Malaise dans le monde moderne

Savez-vous quel bruit fait une bobine de film qui tourne dans une vieille table de montage ? Un clic bien différent de celui qui nous sert chaque jour à partager des millions de vidéos sur la toile !

À l’heure du monde numérique, on filme, monte, coupe et retouche d’un claquement de doigts. Tout doit aller vite, être consommable à l’excès, à l’image des publicités que l’on nous bombarde dans la rétine à longueur de journée.

Et si l’on prenait le temps de créer différemment ?

C’est en tout cas le parti pris de Jethro Massey, un réalisateur britannique plein de talents, qui opère en France depuis quelques années.

En ce moment, il investit son énergie sur « Trauma Industries », un projet de court-métrage un peu fou qui envisage de plonger le spectateur dans une étrange usine de jouet, au cœur d’une dystopie à la Orwell, sur fond d’esthétique soviétique des années 50 et de rite d’initiation.

Le tout tourné en pellicule 35 millimètres et monté en 16 mm sur de vieilles machines de montage Steenbeck, récupérées de la BBC !

A l'heure où nous rejoignons le projet « Trauma Industries », le film est sur le point d'être tourné et le challenge est de taille : synchroniser une production professionnelle et ambitieuse à un projet collaboratif sans autre financement que celui du réalisateur et d'un crowdfunding de 3870 € sur Touscoprod.

Alors on prend du temps, on assemble avant tout une équipe de bénévoles parmi les techniciens audiovisuels qui apprécient le côté passion de l’entreprise et l’on s’appuie sur une société de production indépendante pour la participation aux frais de location de matériels et autres éléments logistiques.

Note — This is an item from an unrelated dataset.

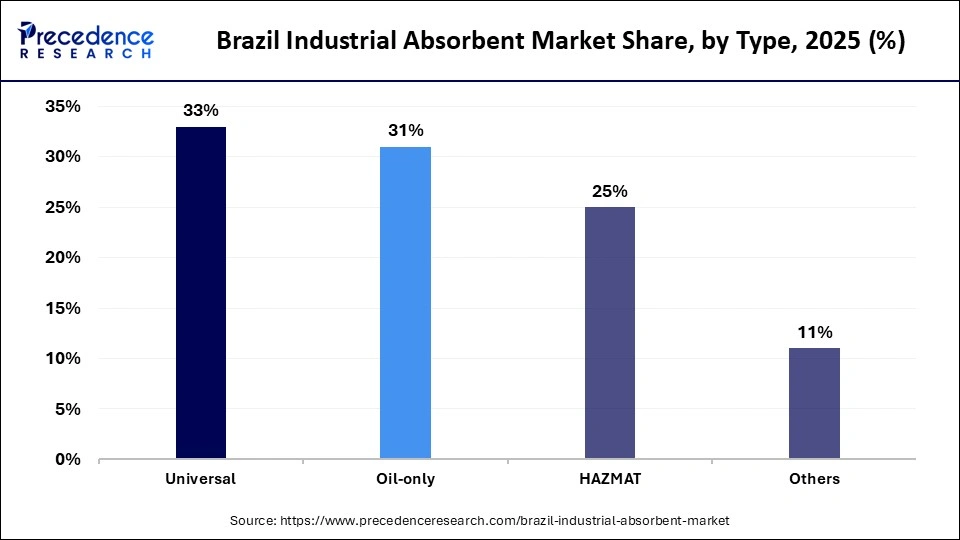 Brazil Industrial Absorben Market Share, By Type, 2025 (%)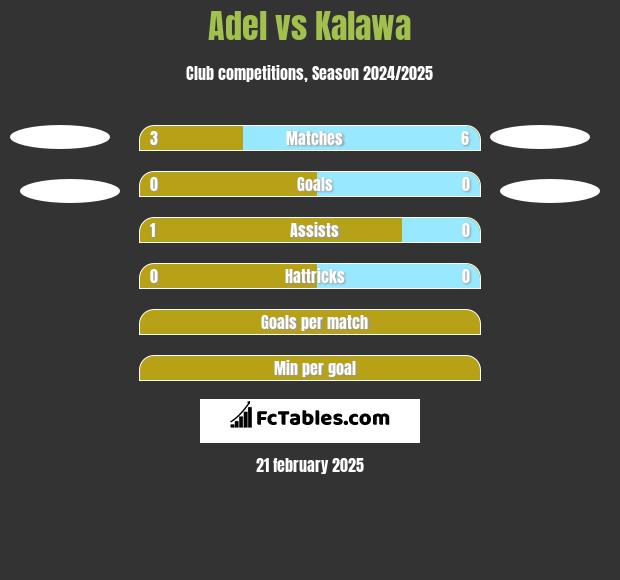 Adel vs Kalawa h2h player stats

Jethro a commencé à travailler sur le projet il y a près de deux ans et a ainsi minutieusement rassemblé de larges forces vives pour le mener à bien.

La musique de Henry Bennett et ses violoncelles d’abord, pour lancer l’inspiration sur l’écriture et venir rythmer le récit du film muet.

Le reste, le réalisateur nous l’explique lorsqu’il nous reçoit, en bleu de travail d’époque, dans les locaux désaffectés de l’hôpital psychiatrique de Neuilly-sur-Marne où sera tournée la plus grande partie du film.

“Bienvenue chez les fous !”

Apocalypse. Ciel gris, vent froid, c’est le décor des lieux désertés de l’hôpital psychiatrique de Maison Blanche où nous débarquons en cette fin de mois de mars : 54 hectares de bâtiments en briques, vitres brisées et grilles rouillées.

On cherche les anciennes cuisines du site où Jethro nous a donné rendez-vous. Évidemment, on se perd. Au hasard, on pousse une immense grille : bidons de mazout, barrages en barbelés et croix aryennes, branches d’arbres et feuilles mortes au sol. De quoi nous donner des frissons.  Nous sommes en réalité sur les lieux du tournage de la série de France Télévision « Un village français ».

Notre expédition reprend. Sur le chemin, une crèche encore en activité côtoie une école d’infirmiers ou d’anciens locaux syndicaux. Ici, l’eau et l’électricité ont été coupées pour la plupart des bâtiments.

Nous finissons par trouver notre cher réalisateur. Tous les membres de l’équipe sont comme lui en bleus de travail, tagués d’un « Trauma Industries » dans le dos.

Aujourd’hui, opération préparation et nettoyage des lieux de tournage.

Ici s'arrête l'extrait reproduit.